Sí, no cabe duda: la creencia activa en la utopía tiene un coste que pocos seres humanos están dispuestos a pagar. En ocasiones ese coste es el más alto posible, la propia vida. En otras, el maltrato físico o moral. A veces, "solo" la humillación social. En el menos grave de los casos, la melancolía que se esconde tras el brillo perdido en la mirada de todas esas personas que saben que no verán cumplido aquello en lo que alguna vez soñaron: las grandes conquistas, casi siempre, exceden el tiempo de una vida humana.

En estos tiempos en que el mundo está inmerso en un cambio de modelo, en estos tiempos en que se vuelve a hablar --aunque sea con complejos, con miedo, con sordina-- de utopías olvidadas, en estos tiempos en que lo verdaderamente peligroso parece ser no soñar, se hace más importante que nunca reflexionar sobre el necesario equilibrio social entre utópicos y cínicos.

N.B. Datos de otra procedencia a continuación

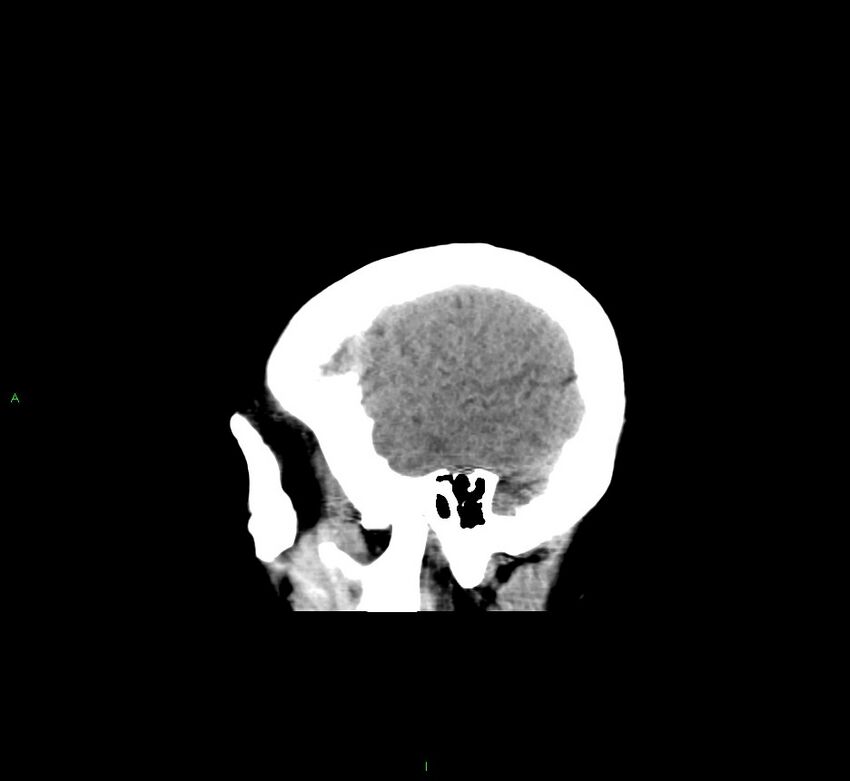 Cerebral amyloid angiopathy-associated lobar intracerebral hemorrhage (Radiopaedia 58529-65681 B 42).jpg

A nadie se le puede obligar a entregar su vida por una causa. A nadie se le puede obligar, tampoco, a arriesgar lo que más quiere por un anhelo. A nadie se le puede obligar, ni siquiera, a renunciar a su bienestar material por el bien común. Pero en estos tiempos en que cada ser humano sobre el planeta va a tener que posicionarse con mucha nitidez, sí es exigible, al menos, que quienes carezcan de voluntad, fuerza, valentía o generosidad para luchar, se hagan a un lado y, al menos, no molesten. Ojalá no fuera así, pero la historia nos muestra que para luchar por un sueño, sea este de la naturaleza que sea, es necesario estar dispuesto a perderlo todo. Y todo es todo. Cuando alguien dice "eso no es posible", en realidad piensa, aunque a veces ni siquiera sea consciente de ello, "no estoy dispuesto a arriesgar nada por conseguirlo".